These results demonstrate the power

rochona · Post by **rochona** » Mon May 26, 2025 11:38 am

preference learning in diffusion models. Despite training in an offline set-up on a limited dataset, Diffusion-DPO closes the gap between the state-of-the-art open-source and closed-source models.

Real-time Generation: Diffusion-DPO goes Turbo

Diffusion models can be sped up by distilling their knowledge through an additional process that enables generation of realistic images with only a few function calls. The preeminent model of this class is SDXL Turbo which generates images in only 1-4 steps. DPO also can benefit this type of model a lot. Using the exact same DPO loss (just modifying some of the settings to align with the original SDXL Turbo training) we’re able to substantially improve SDXL Turbo’s 4-step generations.The development of this model is still in progress, but the early version shown here wins 55% of the comparisons on PartiPrompts.

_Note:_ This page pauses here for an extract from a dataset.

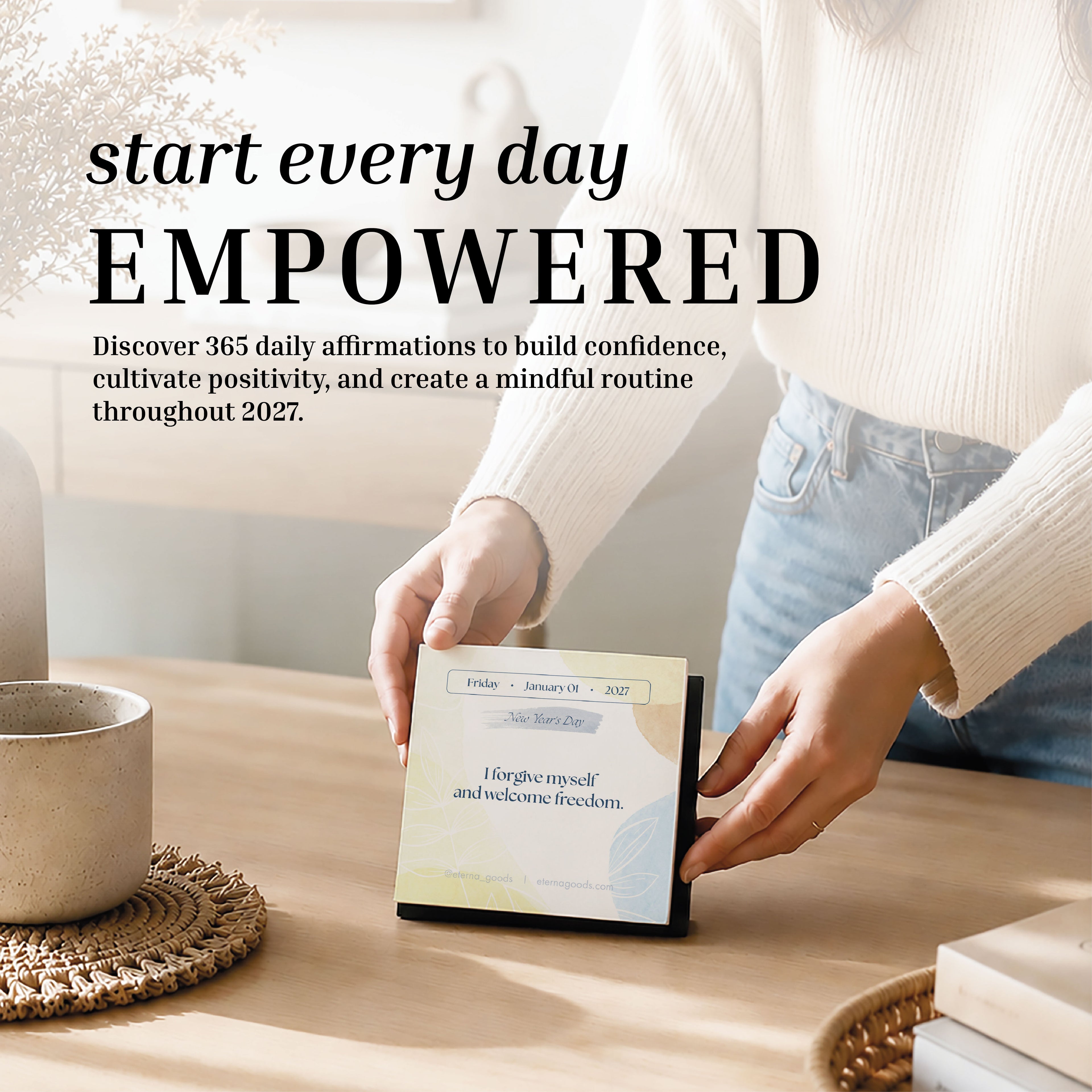 A person flips a page on the Eterna Goods 2027 Daily Affirmations Calendar, revealing a new uplifting affirmation. Text overlay encourages starting every day empowered with confidence and mindfulness.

Emergent areas of improvement

One of the most common complaints about AI-generated america phone number list images is the appearance of people. As humans, aberrations in rendered human appearance really stand out to us. Interestingly, we see that these preferences are reflected in our training dataset which result in substantial improvement on people generation as shown below. Given that these changes are fairly incidental as part of generic alignment, targeted improvement is an exciting path for future development.